(Stored data)

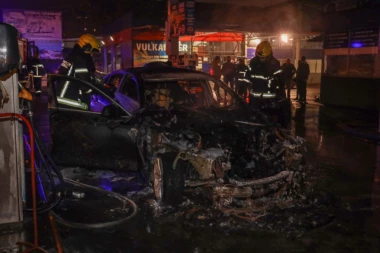 OTKRIVAMO, OVAKO JE DOŠLO DO HAOSA NA DORĆOLU: Vozača BMW uhvatila strašna panika - BUKTINJU OD KOLA OSTAVIO NA PUMPI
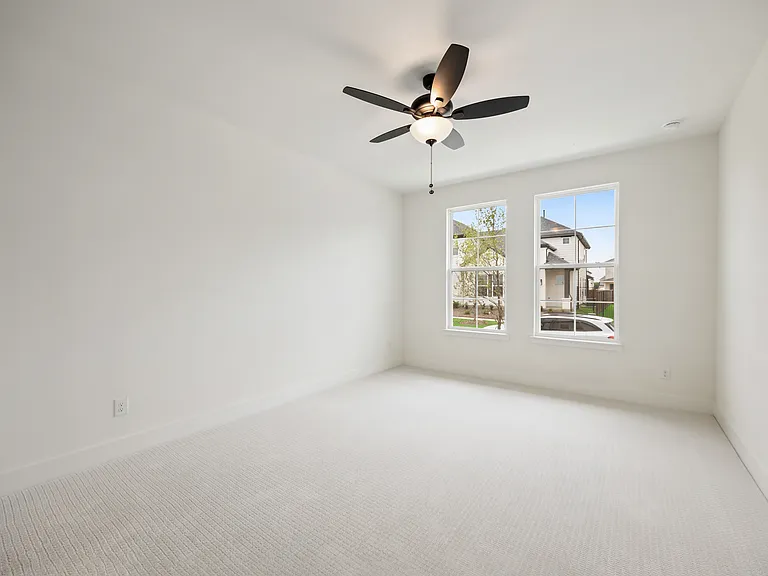 7066 Lathrop Ln — Photo 6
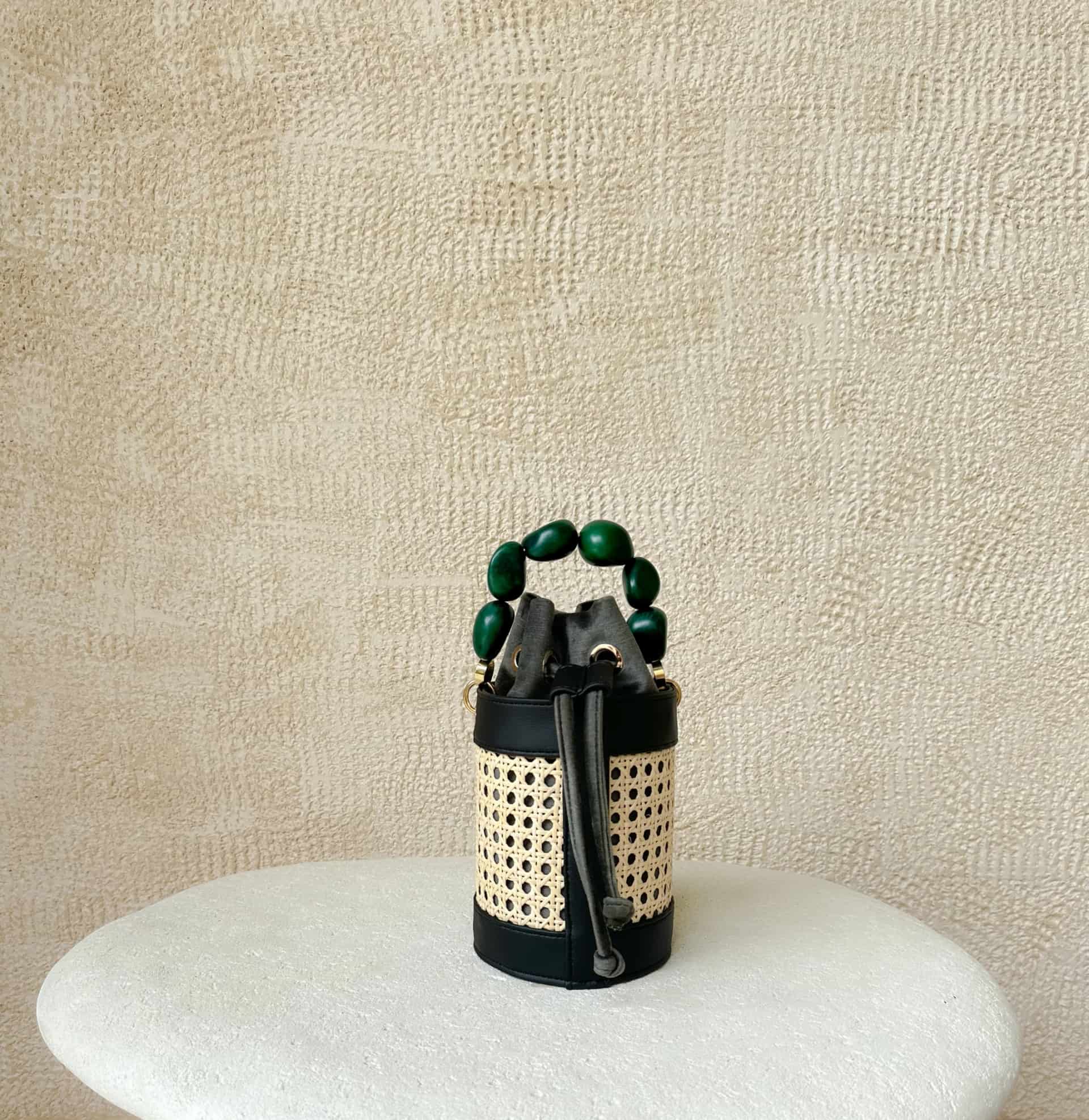 Black Minco Cactus Line with Green Tagua Handle - miniatura 3
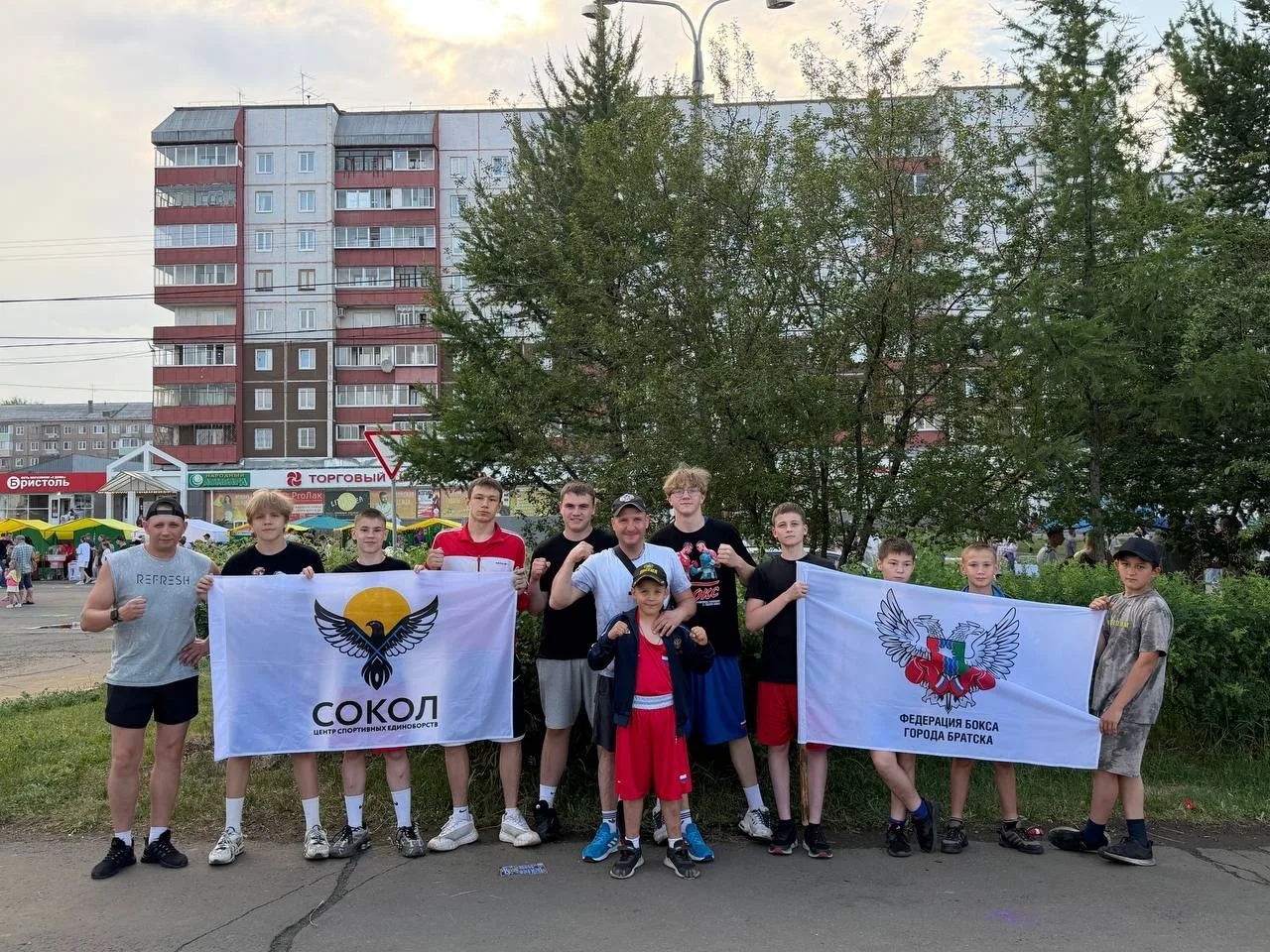 Огромное спасибо всем, кто нашел время подойти, попробовать свои силы в боксе и пообщаться с нашими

(End Stored data)

**Task requirements:**
Leaving aside the pictures, copy the listing above exactly.

**Response area:**
 OTKRIVAMO, OVAKO JE DOŠLO DO HAOSA NA DORĆOLU: Vozača BMW uhvatila strašna panika - BUKTINJU OD KOLA OSTAVIO NA PUMPI
 7066 Lathrop Ln — Photo 6
 Black Minco Cactus Line with Green Tagua Handle - miniatura 3
 Огромное спасибо всем, кто нашел время подойти, попробовать свои силы в боксе и пообщаться с нашими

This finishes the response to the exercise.